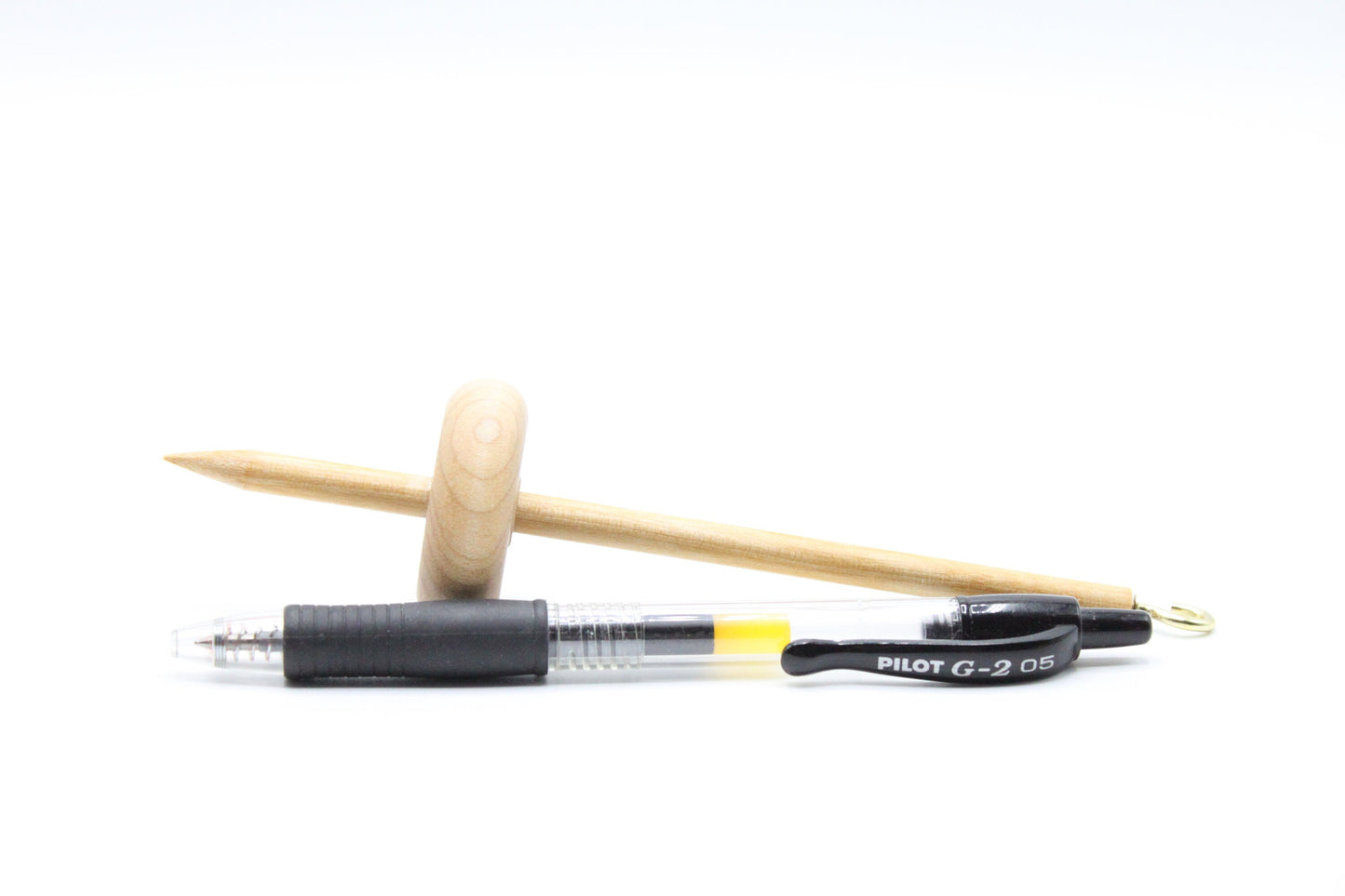 Complete Beginner Drop Spindle Spinning Kit - Mini Size Pink - Learn To Spin - Top Whorl, Bottom Whorl, Supported, and Roving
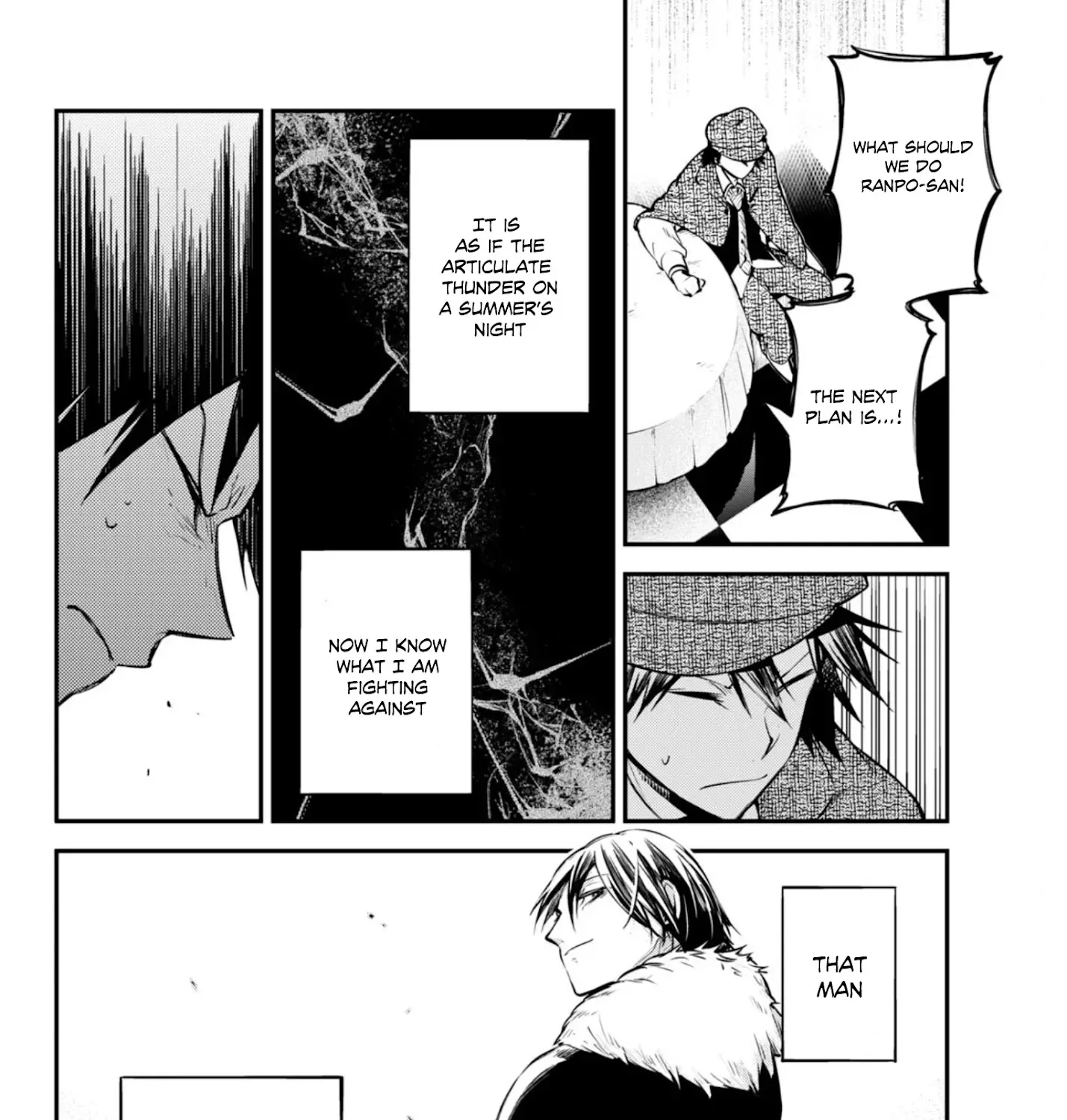 Read Bungou Stray Dogs Manga Online
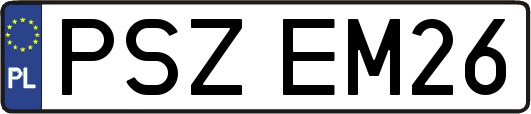 PSZEM26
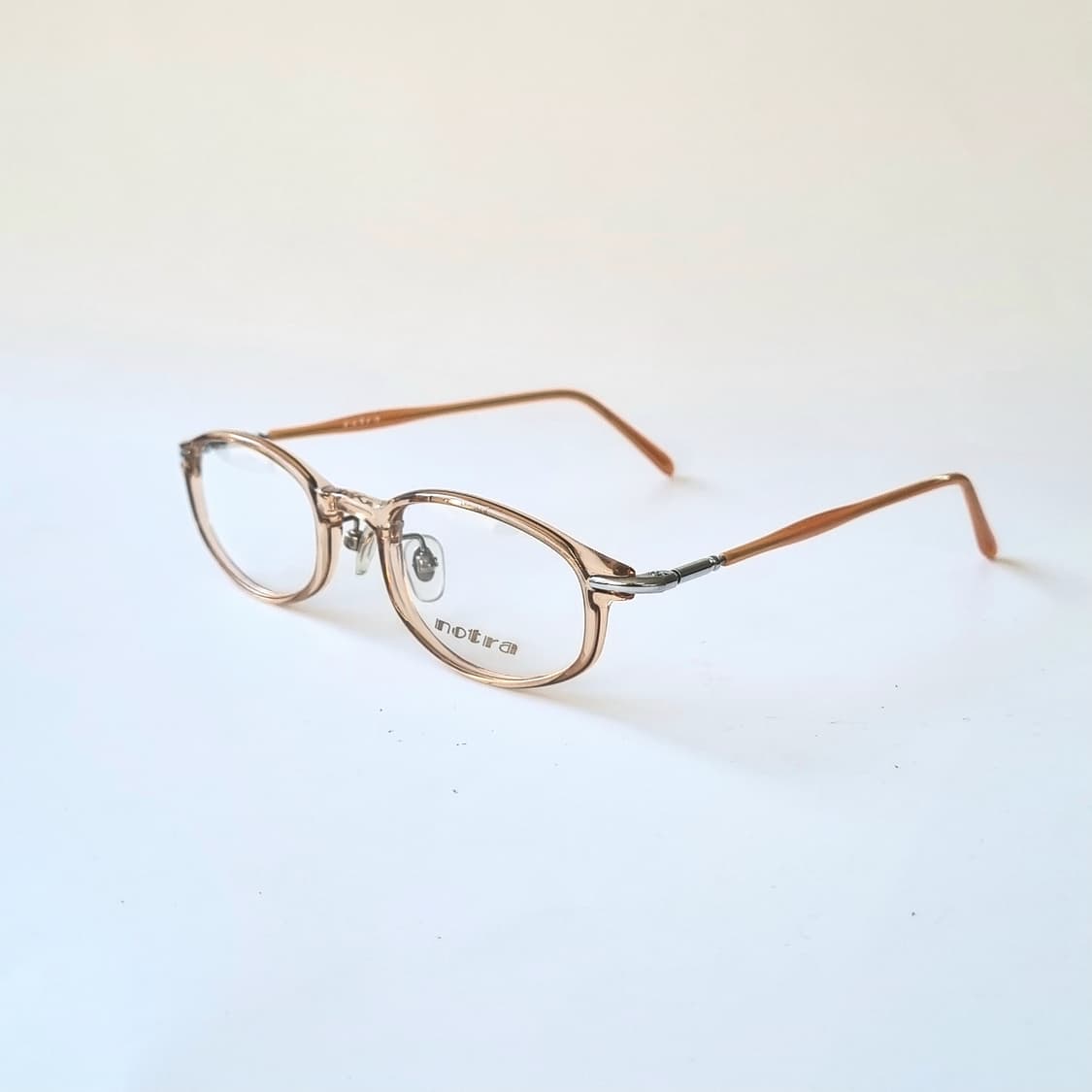 데드스탁 코받침 있는 뿔테 안경테  480 상품이미지1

☆ ☆ ☆

TASK TO COMPLETE: Write out the data above in full and exactly, but without the pictures.

SOLVED EXERCISE:
 Complete Beginner Drop Spindle Spinning Kit - Mini Size Pink - Learn To Spin - Top Whorl, Bottom Whorl, Supported, and Roving
 Read Bungou Stray Dogs Manga Online
 PSZEM26
 데드스탁 코받침 있는 뿔테 안경테  480 상품이미지1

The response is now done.